CDK7抑制剂THZ1对人胶质瘤细胞U251放疗的增敏性

doi:10.6040/j.issn.1671-7554.0.2020.1297

摘要/Abstract

摘要： 目的探讨细胞周期蛋白酶抑制剂7(CDK7)THZ1对人胶质瘤细胞U251的体外放射增敏性。方法体外培养人胶质瘤细胞U251。MTT检测THZ1对U251的毒性作用, 绘制不同浓度(0、8、16、32、64、128、256、512 noml/L)THZ1处理下的细胞存活曲线,并计算其IC50及IC20,将IC20作为后续试验的药物作用浓度。克隆形成实验检测射线联合THZ1对U251的作用,计算放射敏感性参数,绘制集落形成数量曲线。流式细胞术检测各组细胞周期分布。Western blotting检测CDK7细胞周期蛋白、Bax凋亡相关蛋白及γH2AX蛋白表达。多组间比较采用单因素方差分析,两组间比较采用独立样本t检验,2因素组间对比采用析因设计方差分析。

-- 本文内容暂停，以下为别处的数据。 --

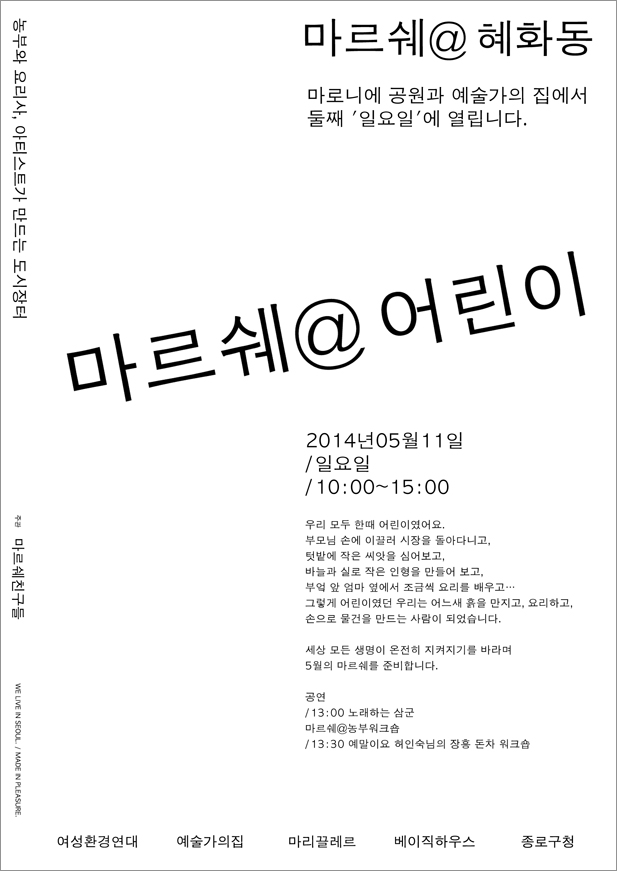 마르쉐@혜화동 농부 요리사 아티스트가 만드는 도시장터, 마로니에 공원과 lt;예술가의집>에서 매월 둘째 일요일에 열립니다. 우리들도 모두 한때 어린이였지요. 부모님 손에 이끌러 시장을 돌아다니고, 텃밭에 작은 씨앗을 심어보고, 바늘과 실로 작은 인형을 만들어 보고, 부엌 앞 엄마 옆에서 조금씩 요리를 배우고… 그렇게 어린이었던 우리는 어느새 흙을 만지는 사람이 되고, 요리하는 사람이 되고, 손으로 물건을 만드는 사람이 되었습니다. 세상 모든 생명히 온전히 지켜지기를 바라며 5월의 마르쉐를 준비합니다. 공연_13:00 노래하는 삼군, 마르쉐@ 농부워크숍_13:30 예말이요 하인숙님의 장흥 돈차 워크숍, 마르쉐친구들, 예술가의집 여성환경연대 마리끌레르 베이직하우스 종로구청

结果 THZ1对U251具有增殖抑制作用,且呈浓度和时间依赖性;单独应用THZ1可使CDK7细胞周期蛋白抑制,X射线(6 Gy)联合IC₂₀浓度THZ1(10 nmol/L)能够降低U251的克隆能力,放射增敏比为1.478,同时可使G0/G1期细胞比例由67%减少到11%、G2/M期细胞比例由12%增加到70%; 凋亡相关蛋白Bax表达增加,DNA双链断裂标志γH2AX蛋白表达增加。结论 THZ1对U251具有放射增敏作用,其可能的机制是THZ1联合射线降低细胞损伤修复能力, 诱导细胞凋亡,调节凋亡相关蛋白的表达,改变细胞生长周期。

关键词: 人胶质瘤细胞U251, 放射增敏, 增殖, 细胞周期

Abstract: Objective To investigate the effects of cyclin-dependent kinase 7(CDK7)inhibitor, THZ1, on the radiosensitivity of human glioma cell line U251 in vitro. Methods U251 cells were cultured in vitro. The toxic effects of THZ1 on U251 cells was detected with MTT. The cell survival curves were drawn at different concentrations of THZ1(0, 8, 16, 32, 64, 128, 256, 512 noml/L). IC₅₀ and IC₂₀ were calculated and IC₂₀ was used as the concentration for subsequent experiments. The effects of X-ray combined with THZ1 on U251 was detected with clone formation experiment. Radiosensitivity parameters were calculated and the curve of colony formation number was drawn. Cell cycle distribution in each treatment group was detected with flow cytometry. The expressions of CDK7 cyclin, Bax apoptosis-related proteins and γH2AX were detected with Western blotting. One-factor analysis of variance was used for comparison among groups. Independent sample t test was used for comparison between groups. Factorial design analysis of variance was used for two-factor comparison among groups. Results THZ1 inhibited U251 proliferation in a concentration- and time-dependent manner. THZ1 inhibited CDK7 cyclin. X-ray(6 Gy)combined with IC₂₀ concentration of THZ1(10 nmol/L)reduced the cloning ability of U251(the ratio of enhancing sensitivity being 1.478), decreased the percentage of G0/G1 phase from 67% to 11%, increased the percentage of G2/M phase from 12% to 70%, and increased the expressions of Bax apoptosis-related proteins and γH2AX. Conclusion THZ1 can increase the radiosensitivity of U251. The possible mechanism is that THZ1 combined with X-ray inhibits the repair ability of cells, induces cell apoptosis, regulates expressions of apoptosis-related proteins, and intervenes in the cell cycle.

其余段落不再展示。